MCP Servers

模型上下文协议服务器、框架、SDK 和模板的综合目录。

The CI-grade quality audit for MCP servers.

创建于 4/12/2026
更新于 about 6 hours ago
Repository documentation and setup instructions

mcpunit

The CI-grade quality audit for MCP servers.

Catch bad tool names, weak schemas, dangerous capabilities, and hidden footguns in your MCP server — before your agents ever touch them.

CI Release License: MIT MCP Binary size Written in Rust

One command. Zero config. 17 deterministic rules. JSON + SARIF + Markdown.

Sub-second cold-start.  ·  📦 < 5 MB binary.  ·  🪶 Zero runtime dependencies.  ·  🦀 Built in Rust.

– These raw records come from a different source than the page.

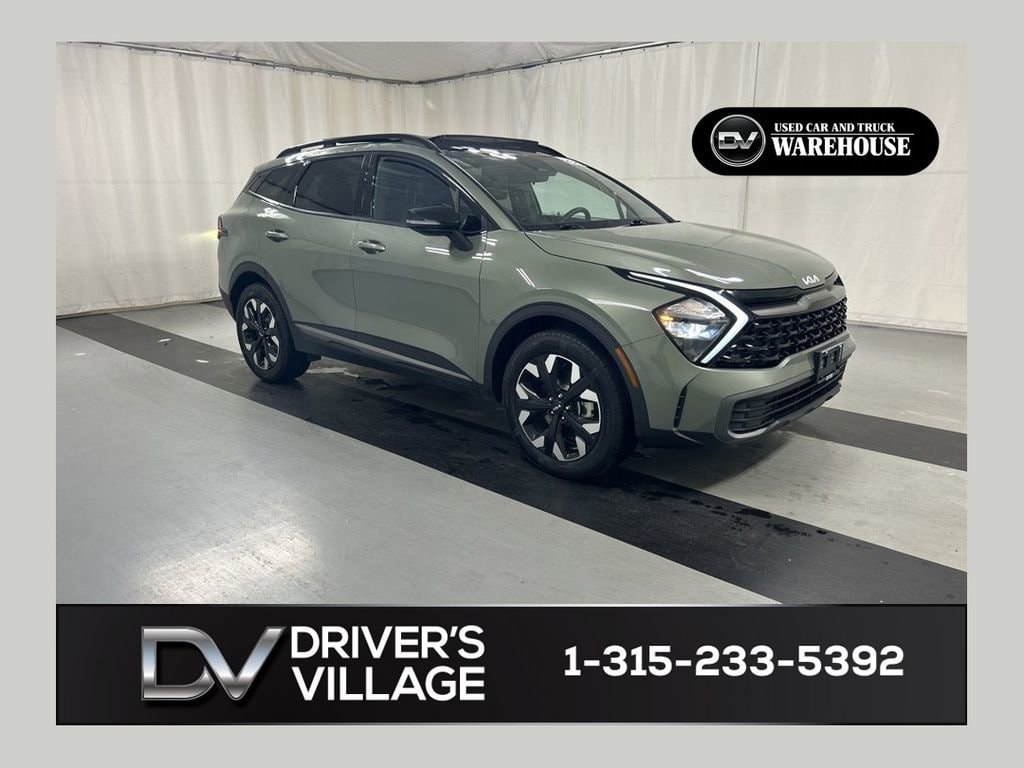 2023 Kia Sportage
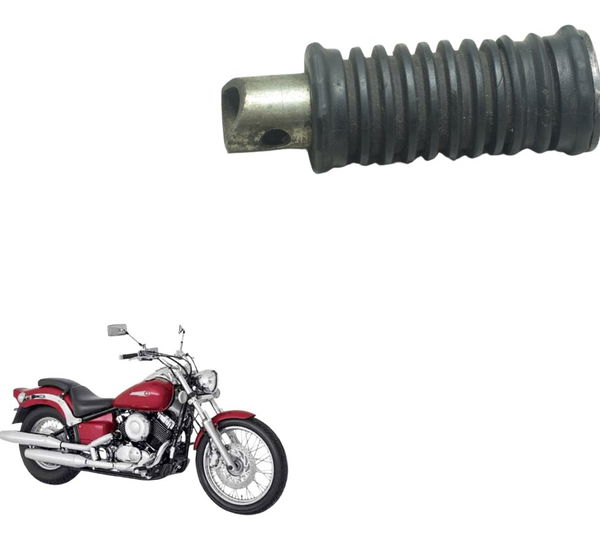 Pedaleira Traseira Yamaha Drag Star Xvs 650 96-08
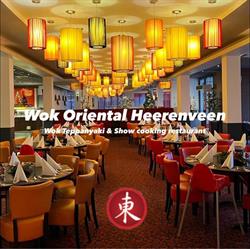 Wok Oriental Heerenveen B.V.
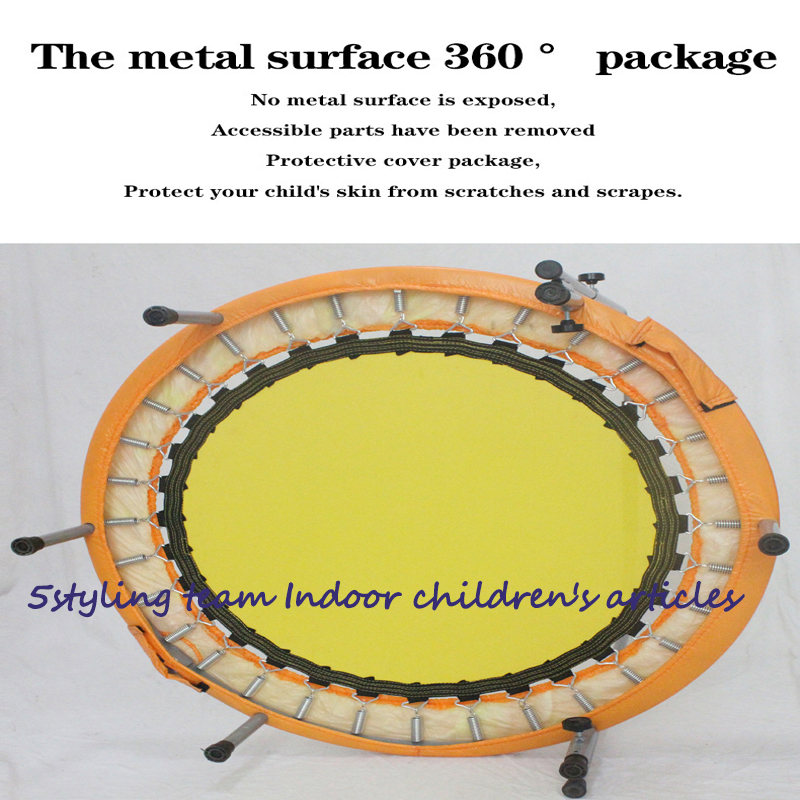 Piiriülene ala, mis on ette nähtud laste batuudide, kodubatuudide, benji-hüppete, täiskasvanute spordi, kaalukaotuste jaoks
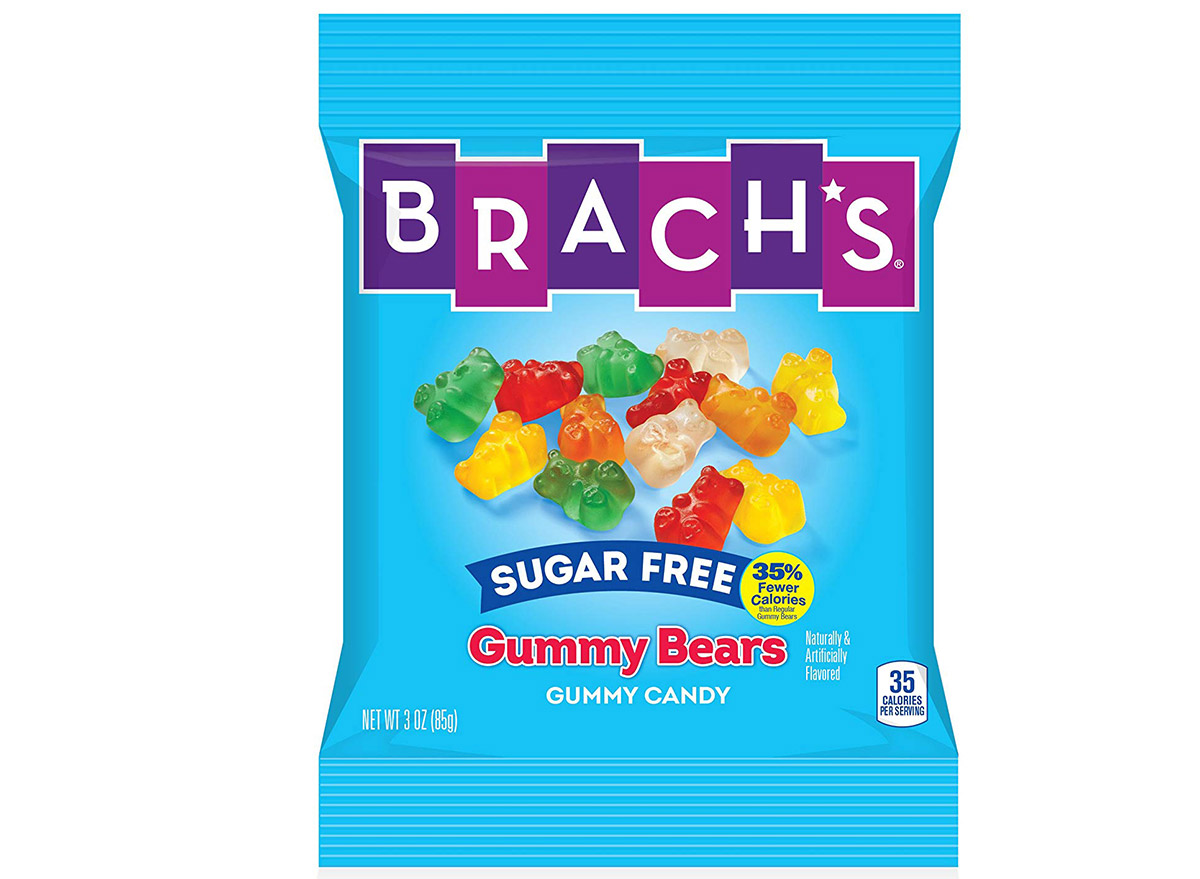 brachs sugar free gummy bears
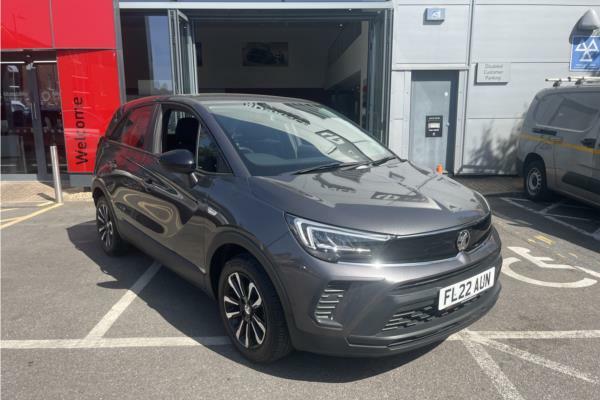 Vauxhall Crossland 1.2 Design Suv Euro 6 Ss 83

Quick start · Why it matters · What it catches · Fast & tiny · GitHub Action · Reports


🔥 Why MCP quality matters

Your MCP server is the contract your AI agents trust. Every tool name, every description, every input schema becomes a prompt the model reads and decides to act on. Low-quality MCP servers don't just look sloppy — they actively hurt agent behaviour:

  • 🤯 Generic tool names (do_it, helper, run) make the model guess. Agents pick the wrong tool, retry, waste tokens, and produce wrong answers.
  • 🧨 Missing or vague descriptions leave the model to invent semantics from the name alone. One production incident away from a very bad day.
  • 🕳 Weak input schemas ("additionalProperties": true, generic payload objects) let malformed agent calls reach your backend. Guess what happens next.
  • ⚠️ Dangerous capabilities hidden in plain sight — exec tools, filesystem writes, arbitrary HTTP — shipped without any scope hint. An over-eager agent plus a write_file(path, content) with no sandbox is a Monday-morning postmortem waiting to happen.
  • 📏 Response bloat. A tools/list that dumps 2 MiB of schema into every context window is a tax on every single call.

You cannot fix what you cannot measure. mcpunit measures.

It's cargo clippy for MCP: deterministic, fast, CI-first, and boring in exactly the way you want a quality gate to be.

🚀 Fast and tiny

mcpunit is written in Rust and ships as a single statically-linked binary. No Python. No Node. No JVM. No Docker image. No npm install waiting room. You download one file and you run it.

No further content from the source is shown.